Monday, May 20th, 2013
More from David George Haskell’s The Forest Unseen: A Year’s Watch in Nature (2012; pg. 228)—I’ve gotten into December, so I’m almost finished:
The partnership between fungi and plants…is an old marriage, dating to the plants’ first hesitant steps onto land. The earliest terrestrial plants were sprawling strands that had no roots, nor any stems or true leaves. They did, however, have mycorrhizal fungi penetrating their cells, helping to ease the plants into their new world. Evidence of this partnership is etched into fine-grained fossils of the plant pioneers. These fossils have rewritten the history of plants. The roots that we thought were one of the earliest and most fundamental parts of the land plant body turn out to be an evolutionary afterthought. Fungi were the plants’ first subterranean foragers; roots may have developed to seek out and embrace fungi, not to find and absorb nutrients directly from the soil.

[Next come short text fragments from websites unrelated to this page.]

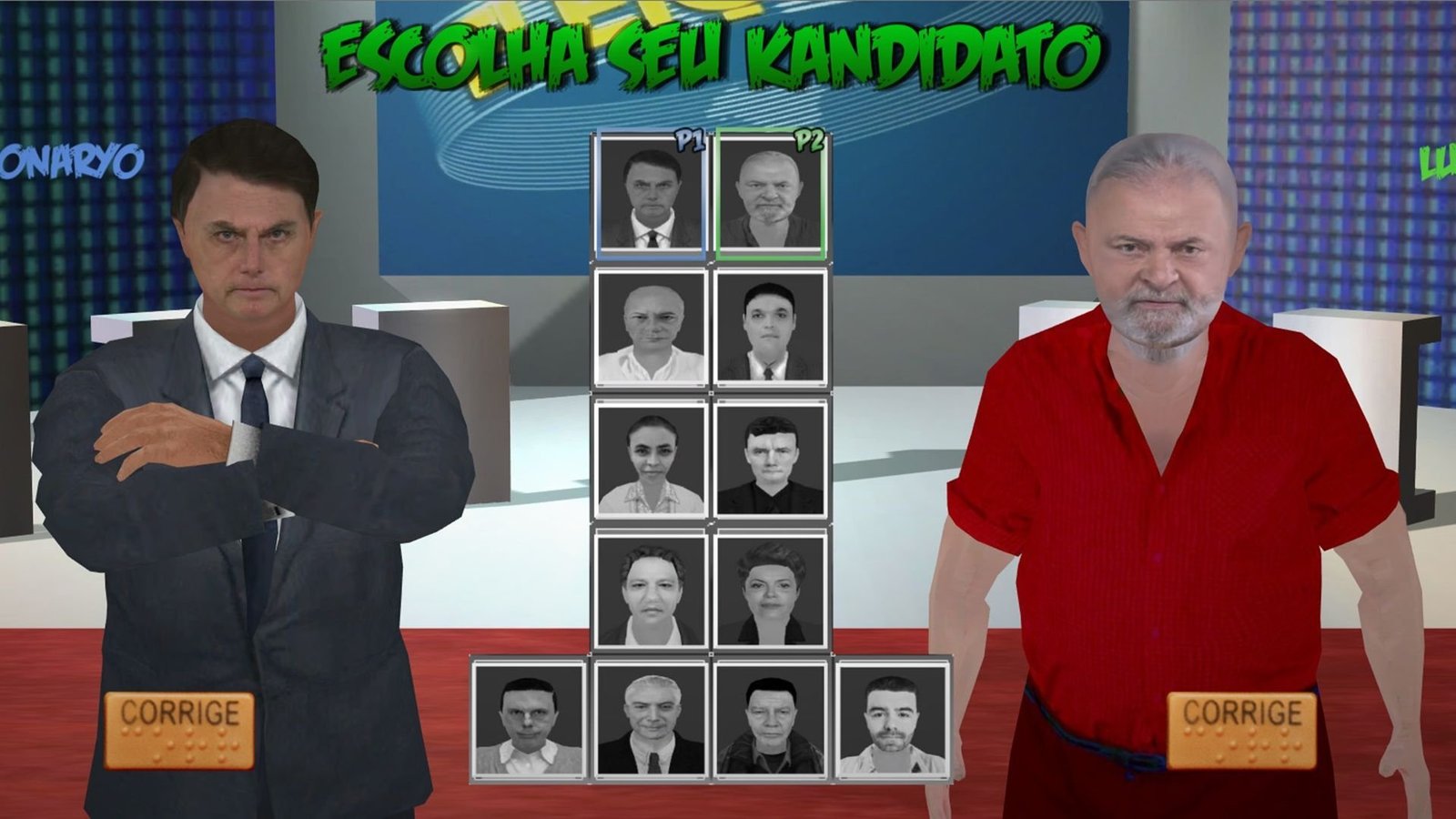 Imagem ilustrativa da matéria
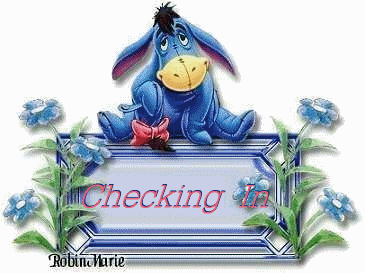checkingin3.gif checking in image by BamaSue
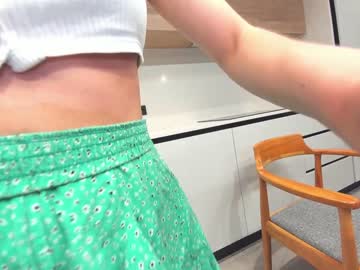 webcam girl ehotlovea today image #3693463
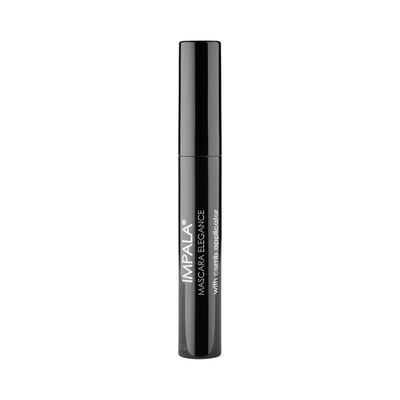 Impala Elegance Mascara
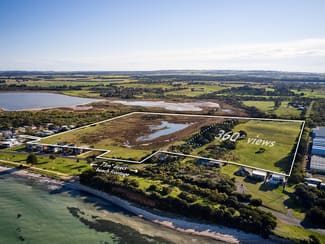 Rural / Farming commercial property for sale at 390a The Esplanade St Leonards VIC 3223 Rural / Farming commercial property for sale at 390a The Esplanade St Leonards VIC 3223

Ker-pow! (To the admittedly now ancient biology books I studied in HS.)
And, the trout lily is from yesterday’s excursion to the wildlife refuge. We found it in flowering expanses of valley floor amidst large-flowered trilliums and a smaller flower I keep thinking is a kind of anemone*, but can’t find in my wildflower book. Or don’t recognize the description without a picture that seems identical to me. Here’s my picture, of the little guys with a larger, nodding, um, maybe some kind of bellwort? (Clearly, I’m better at finding than identifying….)
We found the refuge busy with birdlife, too. We saw both trumpeter (I think) swans and ospreys sitting on nests, and many other birds not sitting on nests.
The Guru noted that there are creatures called anemone from both land and sea, and why? I said, must be related to the Greek? origin word. And my dictionary says (ignoring the sea critter): “from Latin, said to be from Greek anemōnē ‘windflower,’ literally ‘daughter of the wind,’ from anemos ‘wind,’ thought to be so named because the flowers open only when the wind blows.” And why wait for the wind (if that is indeed true)? Haskell would say because then its pollen can be distributed farther afield than it would be if the flower just opened and dropped its pollen near the mother-plant’s base. So, the sea version is also bending with the waves and tide, as if flexing in the wind? Ah, digressions.